The Apple effect is rubbing off on Citrix, with the desktop virtualisation specialist posting 16% year-over-year growth for the second quarter of 2012.
Sales of iPads and tablet computers have driven adoption of XenApps, said Citrix CEO Mark Templeton in its earnings call.
"We're seeing the impact of mobile devices such as the iPad and other tablets to be really positive to XenApp and XenDesktop business," he said.
Tablets do not run traditional desktop applications, said Templeton, "so we see a lot of customers wanting to selectively deliver line-of-business-type Windows-based apps to that kind of platform".

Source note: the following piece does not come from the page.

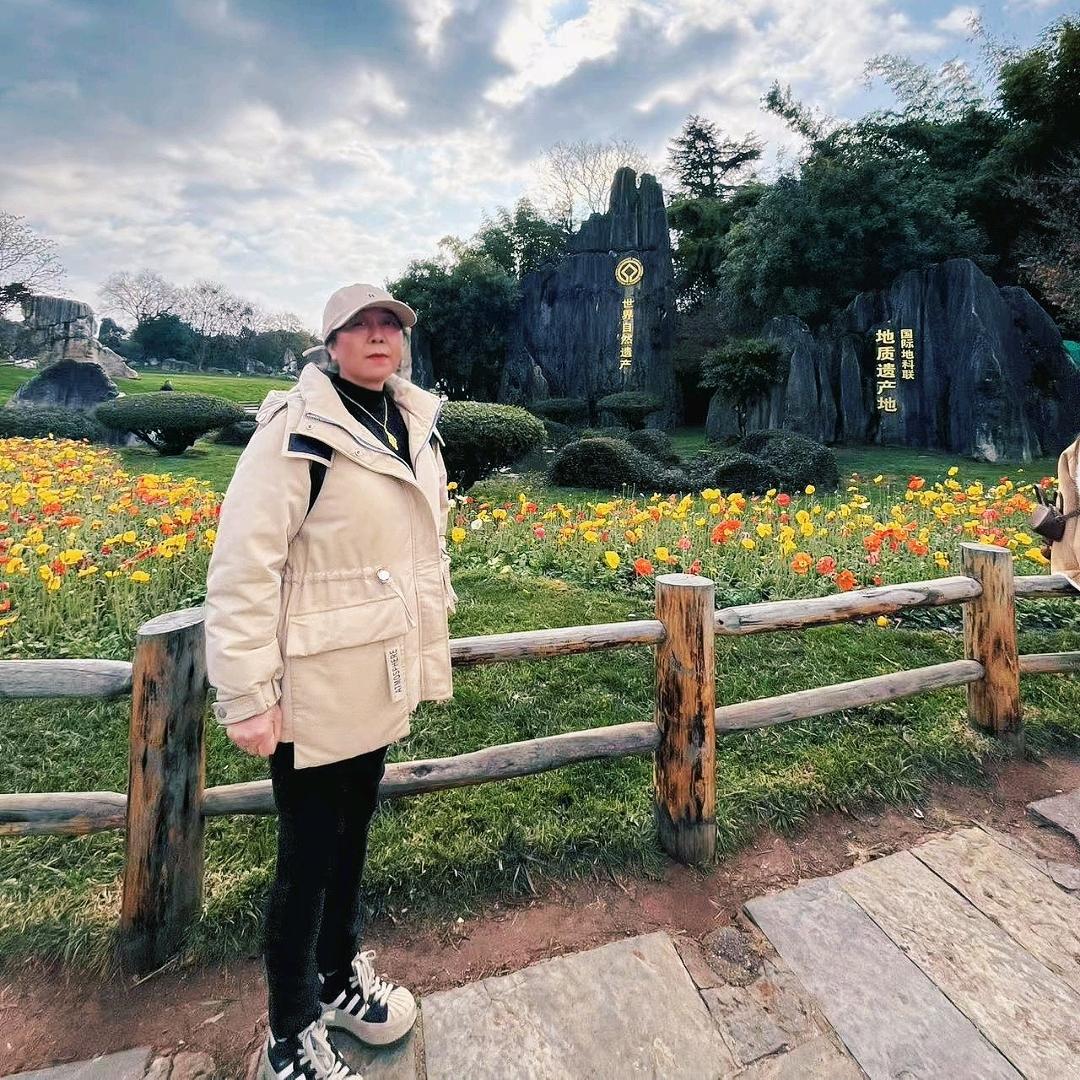 花婆婆       故事汇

The company reported that its product and licences revenue increased by 10%, and net income for the second quarter of fiscal 2012 was $92m.

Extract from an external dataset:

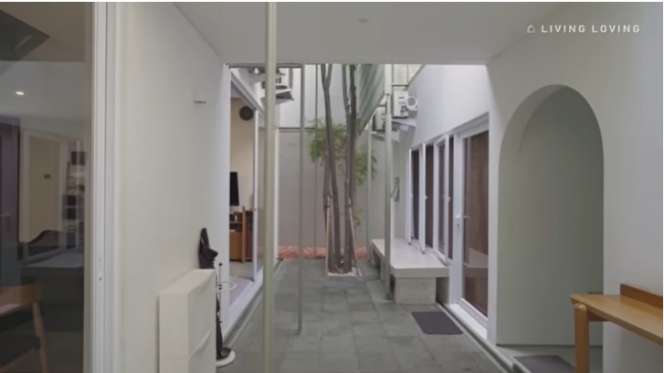 Potret Rumah Yi House yang Dibangun oleh Desain Grafis Asal Bandung, Vibes Huniannya Bak Sedang Liburan!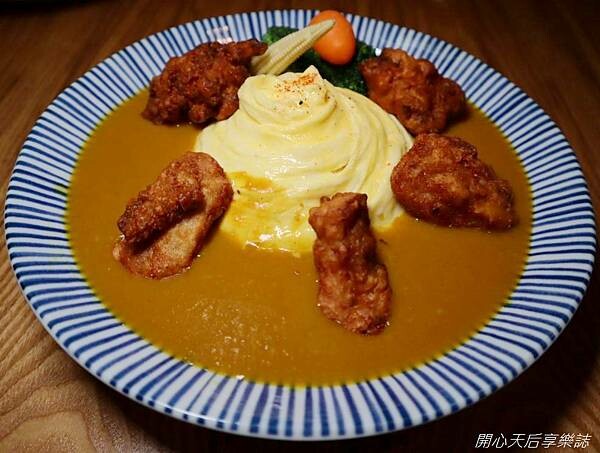 信義區咖哩|呂舖食堂|平價咖哩,特色咖哩飯、自製小菜、飲料、奶酪,學生、親子、小資族用餐的好選擇!咖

Citrix chief financial officer David James Henshall said the company had made $20m+ deals.
"We transacted with more than 3,000 different customers, including 144 deals for more than 1,000 seats of XenDesktop and 25 deals for more than 5,000 seats," he said. "We're doing really well with medium and large customers, and that's true across all geographies."

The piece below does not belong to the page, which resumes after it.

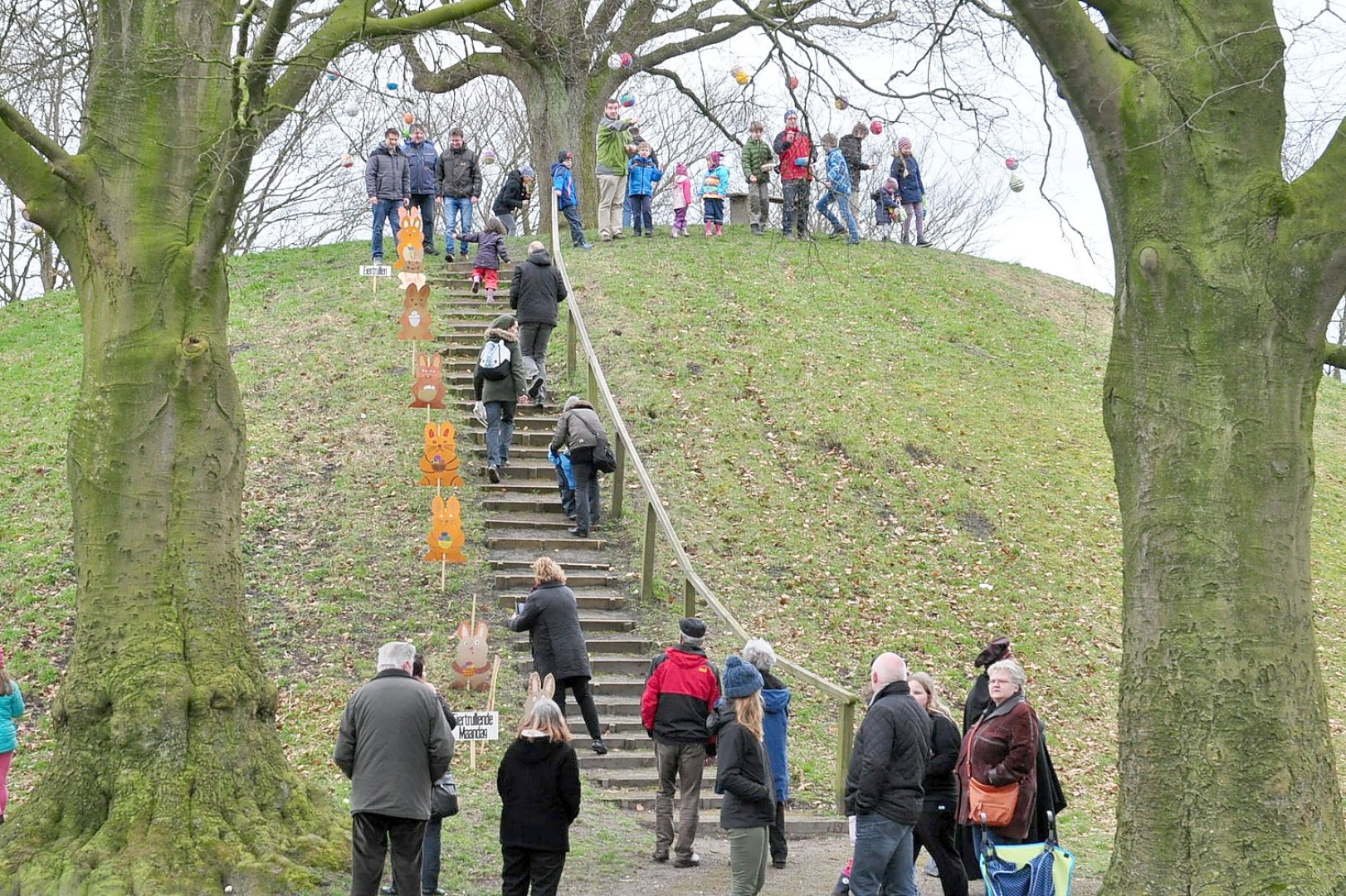 Eiertrüllen am Plytenberg in Leer machte viel Spaß - Bild 1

In May, the company unveiled Project Avalon, which is designed to enable businesses to deploy personalised Windows apps and desktops in a private cloud across single or multiple sites.
At the time, Templeton said Avalon was all about multi-site, multi-tenancy, which means customers can mix multiple versions of Windows Server, XenApp and XenDesktop across a private or public cloud and manage it all through application programming interfaces.